General policy statement
It is important that, as a maturing and ethnically diverse nation, New Zealand recognises its indigenous origins through a designated national day to which all sectors of society feel able to connect and celebrate.
In recent years there has been an upsurge of awareness among New Zealanders of all ethnicities, of the place of Māori in both the history and future of the nation and in the development of a unique national identity. As an expression of this developing unique identity, this bill acknowledges a significant occurrence within the Māori calendar – the celebration of Matariki, the Māori New Year.
Traditionally, this was a time for planning, preparation and planting – activities which continue to have significance, and can be embraced by all.
The bill seeks to establish a public holiday to mark the time of Matariki.
The Matariki star cluster is seen in all parts of the world, where it is variously known as Pleiades, Seven Sisters, Makali’i, and Parveen, making it a particularly relevant event through which to connect all peoples together in the celebration of a national public holiday. Indeed, the Japanese call the cluster Subaru, the meaning of which is ‘unite’.
There are many stories from around the globe about the significance of Matariki as a navigational star and as a signal of whether the coming harvests will be plentiful.
Although there is some variation between iwi of when Matariki is celebrated, the bill proposes that Matariki be observed as a public holiday on the day of the next new moon after the Matariki constellation has risen.
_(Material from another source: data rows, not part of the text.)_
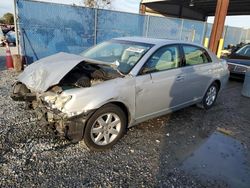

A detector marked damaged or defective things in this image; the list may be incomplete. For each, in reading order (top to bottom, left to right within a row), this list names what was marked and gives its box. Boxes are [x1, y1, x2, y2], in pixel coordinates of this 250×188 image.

crushed hood [18, 52, 85, 92]
front end damage [10, 52, 123, 141]
damaged toyota avalon [10, 37, 229, 151]
wrecked car [10, 37, 229, 151] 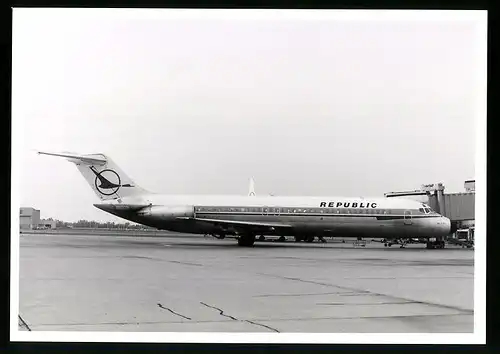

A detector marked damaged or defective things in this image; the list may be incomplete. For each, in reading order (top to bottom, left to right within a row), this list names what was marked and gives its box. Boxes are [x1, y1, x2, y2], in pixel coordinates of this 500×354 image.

crack in pavement [258, 272, 472, 314]
crack in pavement [158, 302, 191, 320]
crack in pavement [199, 302, 280, 332] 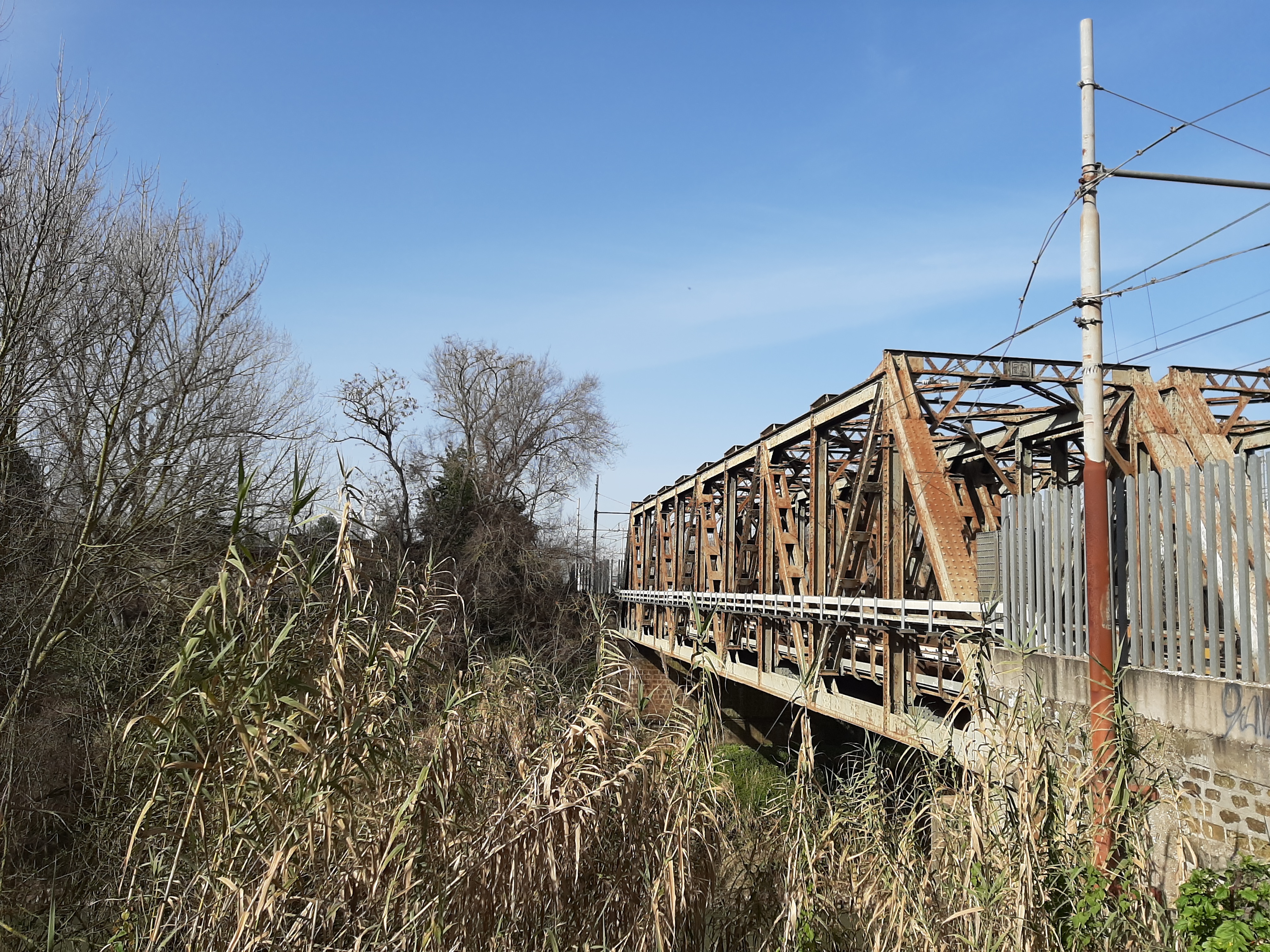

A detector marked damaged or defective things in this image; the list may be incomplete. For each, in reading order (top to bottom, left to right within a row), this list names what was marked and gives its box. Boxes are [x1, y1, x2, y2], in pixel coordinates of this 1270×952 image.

rusty steel truss bridge [615, 350, 1270, 751] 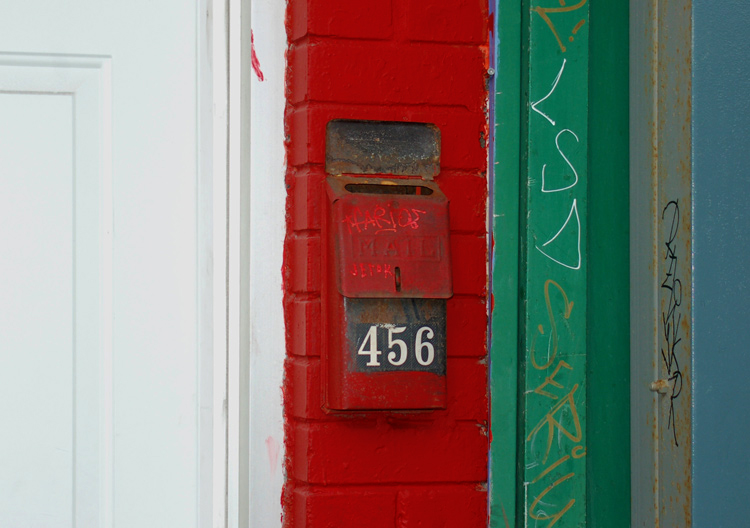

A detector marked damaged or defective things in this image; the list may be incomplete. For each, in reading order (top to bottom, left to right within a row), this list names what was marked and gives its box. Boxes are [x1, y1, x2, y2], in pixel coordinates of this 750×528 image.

rusty red mailbox [322, 175, 452, 410] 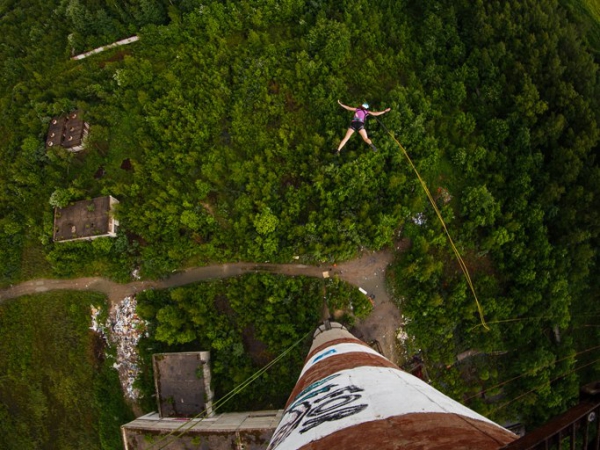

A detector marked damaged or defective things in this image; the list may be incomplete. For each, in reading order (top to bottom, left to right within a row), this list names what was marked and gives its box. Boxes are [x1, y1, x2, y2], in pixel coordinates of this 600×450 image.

rusted chimney surface [270, 322, 516, 448] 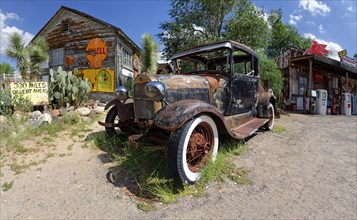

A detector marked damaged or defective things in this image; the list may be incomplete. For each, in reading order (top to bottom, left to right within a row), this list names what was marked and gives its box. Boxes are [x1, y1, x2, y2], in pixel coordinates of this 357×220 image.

rusty old car [98, 40, 276, 184] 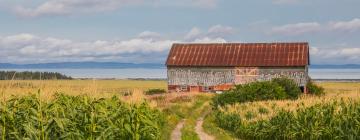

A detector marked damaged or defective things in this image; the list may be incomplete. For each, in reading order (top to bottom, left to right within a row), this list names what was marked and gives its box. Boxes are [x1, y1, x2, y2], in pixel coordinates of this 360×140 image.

rusty metal roof [166, 42, 310, 66] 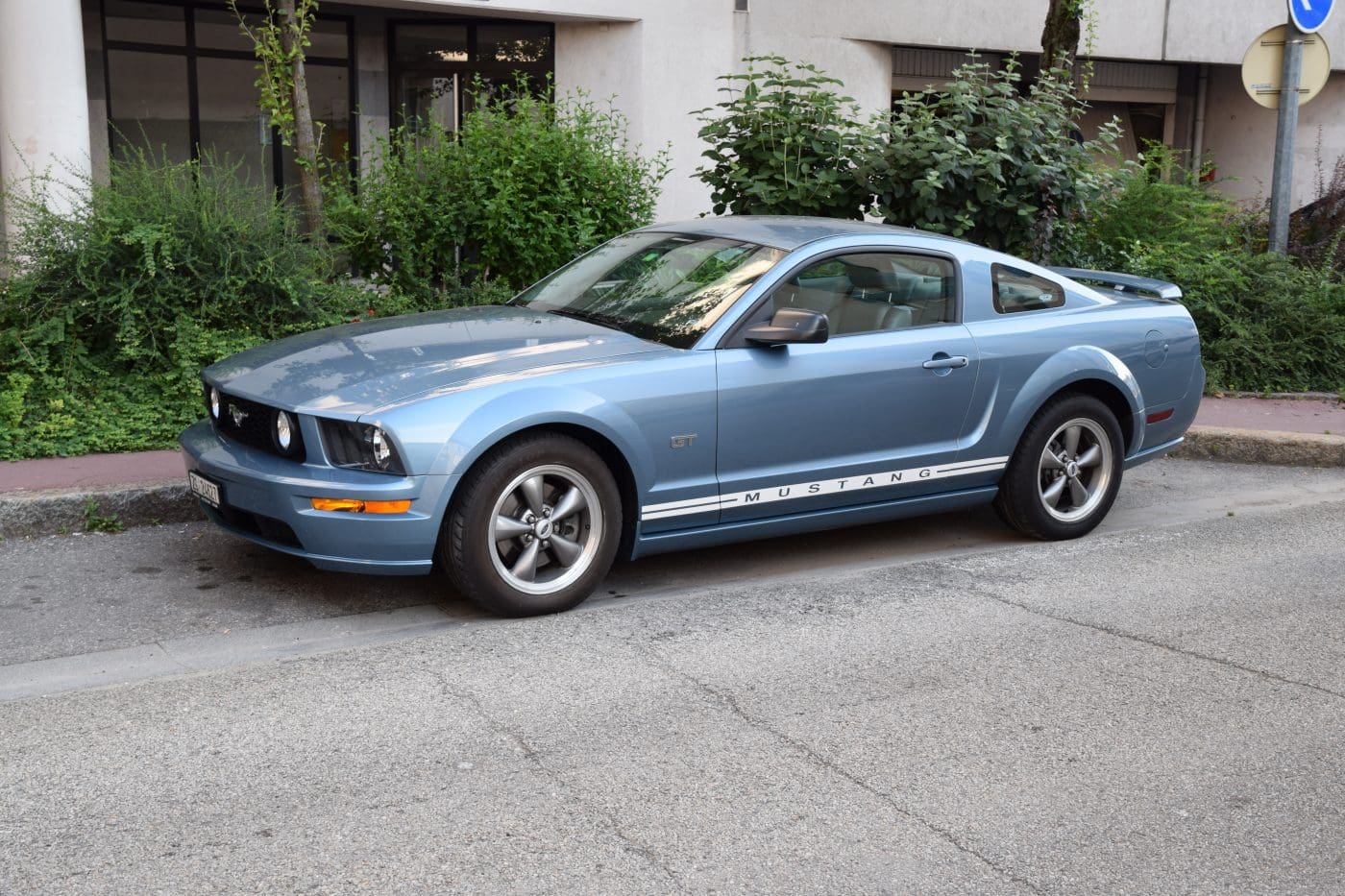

The timing varies from year to year but usually occurs during the months of May or June.
Clause by clause analysis
Clause 1 is the Title clause.
Clause 2 provides that the bill comes into force on the day after the date on which it receives the Royal assent.
Clause 3 is the purpose clause.
Clause 4 provides for when Matariki is to be observed.
Clause 5 provides that Matariki is to be publicly notified in the Gazette.
Clause 6 and the Schedule relate to amendments to the Holidays Act 2001, to make the observance of Matariki as a public holiday fully effective.